-- WORK ORDER --
An exact copy of the lines of the listing below between the "asus backtracker" line and the "Mini Kit Completo" line, both included, is the whole answer; please omit the pictures.

-- RECORDS FOR THE TASK --
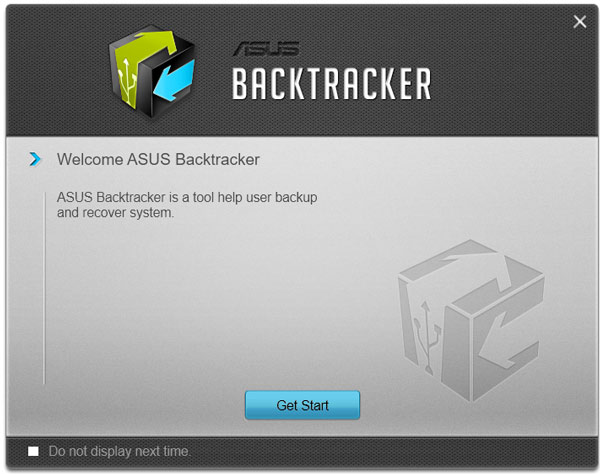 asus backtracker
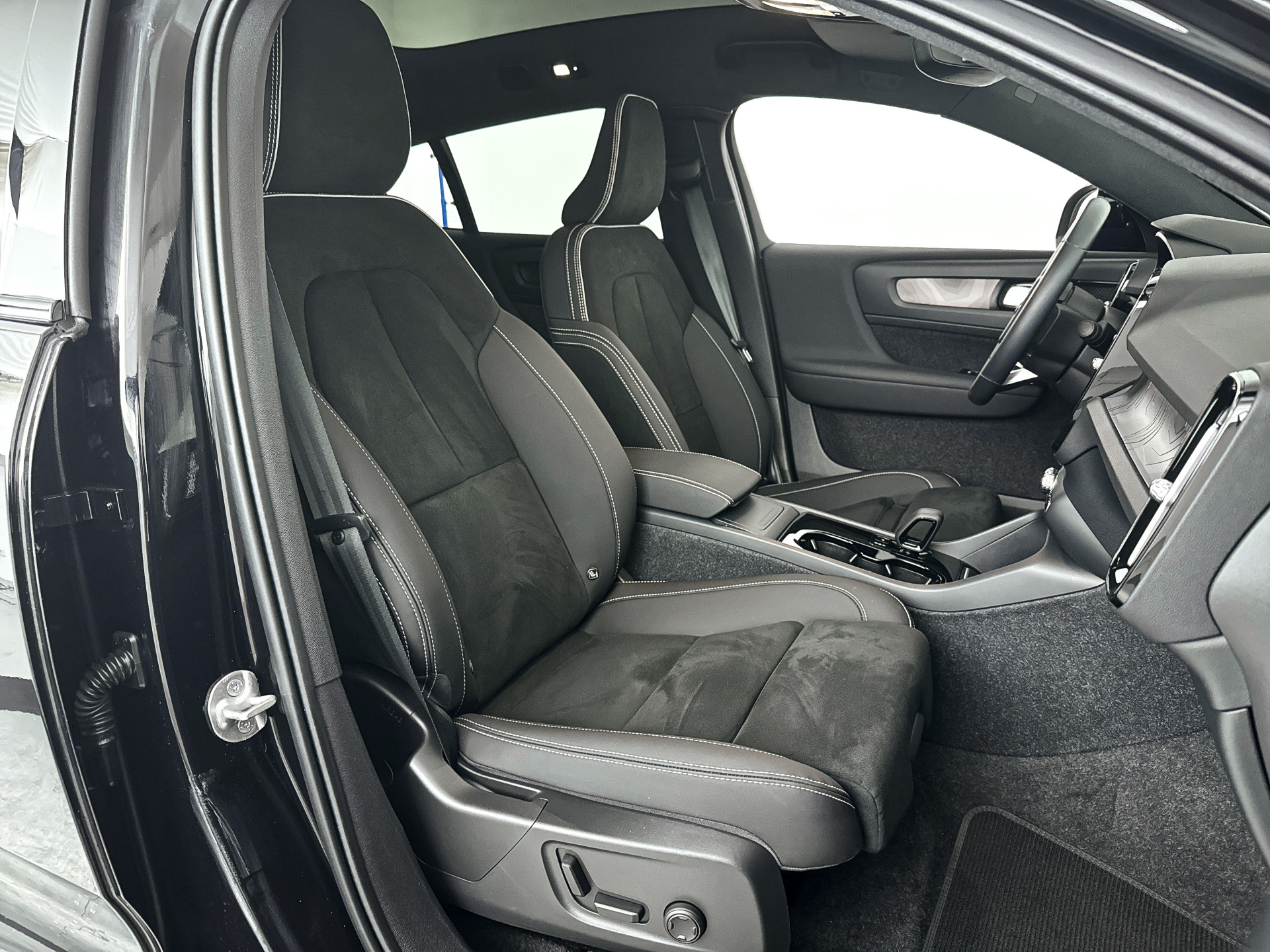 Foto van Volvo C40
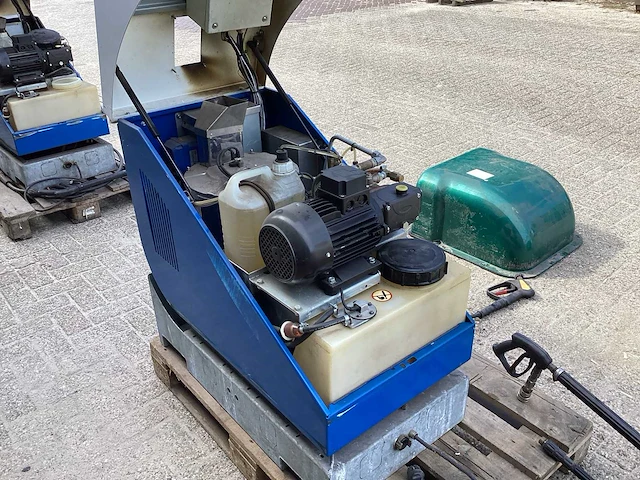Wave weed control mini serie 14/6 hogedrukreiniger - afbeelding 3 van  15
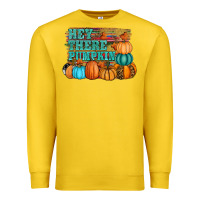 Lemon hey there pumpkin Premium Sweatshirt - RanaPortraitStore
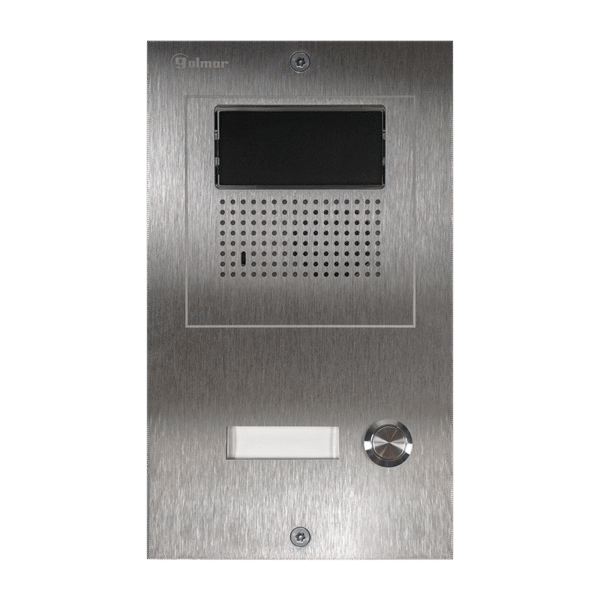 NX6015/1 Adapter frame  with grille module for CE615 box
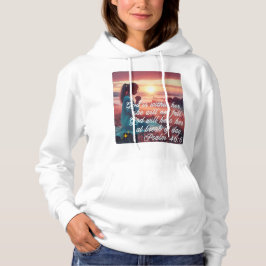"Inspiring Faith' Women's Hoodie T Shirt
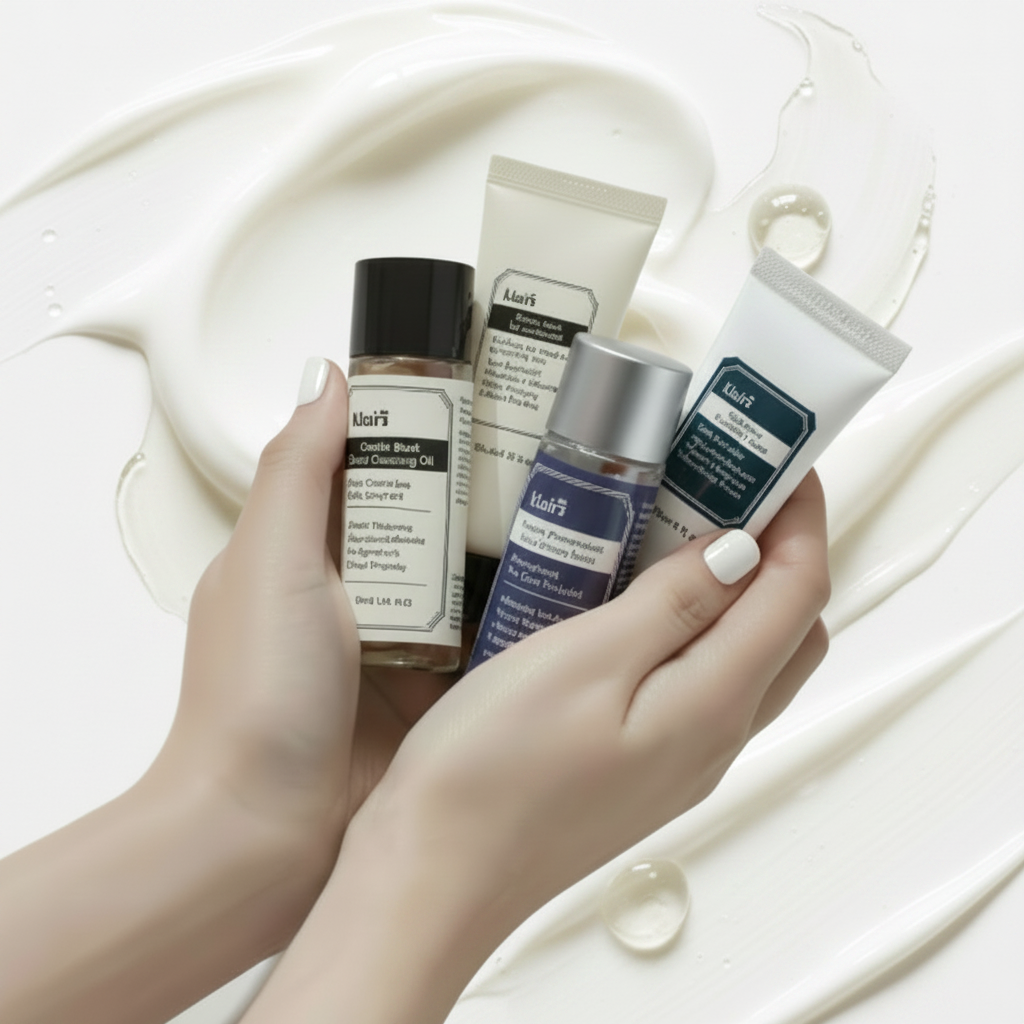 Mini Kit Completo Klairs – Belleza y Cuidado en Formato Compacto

* * *

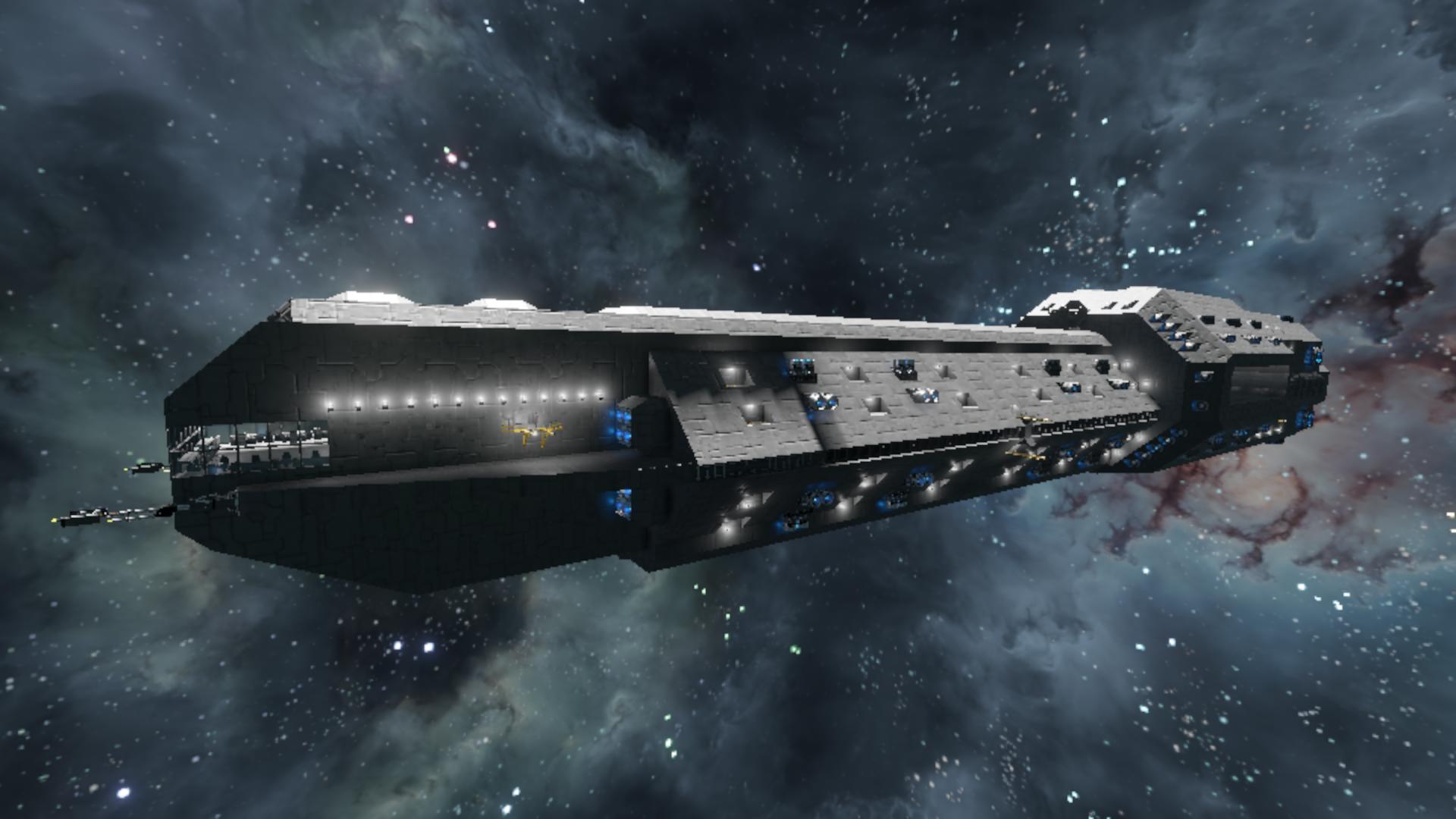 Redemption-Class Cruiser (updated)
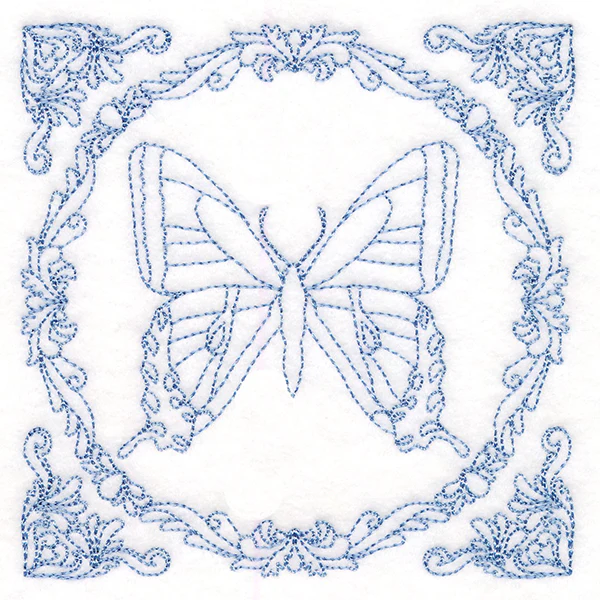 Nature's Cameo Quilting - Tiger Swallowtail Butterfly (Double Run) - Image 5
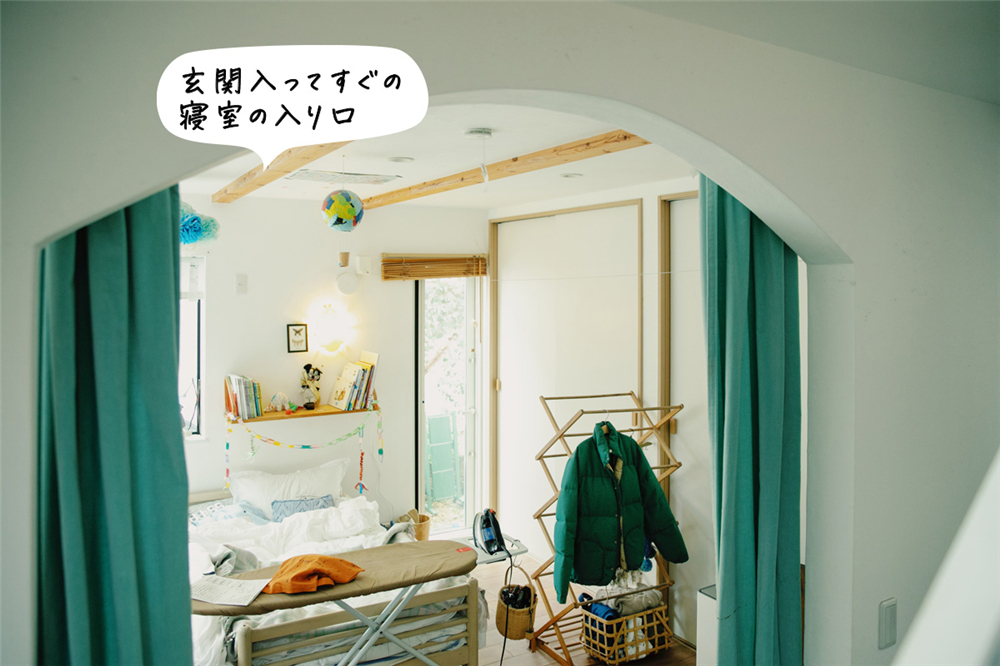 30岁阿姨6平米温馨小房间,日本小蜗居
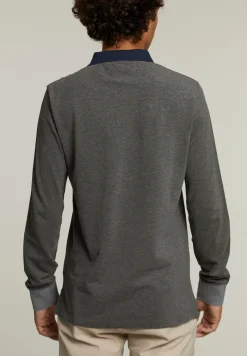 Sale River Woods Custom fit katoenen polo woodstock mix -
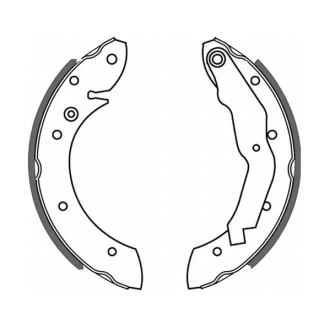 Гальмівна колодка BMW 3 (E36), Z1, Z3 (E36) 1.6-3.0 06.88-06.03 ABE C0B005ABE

-- THE COMPLETED TASK --
 asus backtracker
 Foto van Volvo C40
Wave weed control mini serie 14/6 hogedrukreiniger - afbeelding 3 van  15
 Lemon hey there pumpkin Premium Sweatshirt - RanaPortraitStore
 NX6015/1 Adapter frame  with grille module for CE615 box
"Inspiring Faith' Women's Hoodie T Shirt
 Mini Kit Completo Klairs – Belleza y Cuidado en Formato Compacto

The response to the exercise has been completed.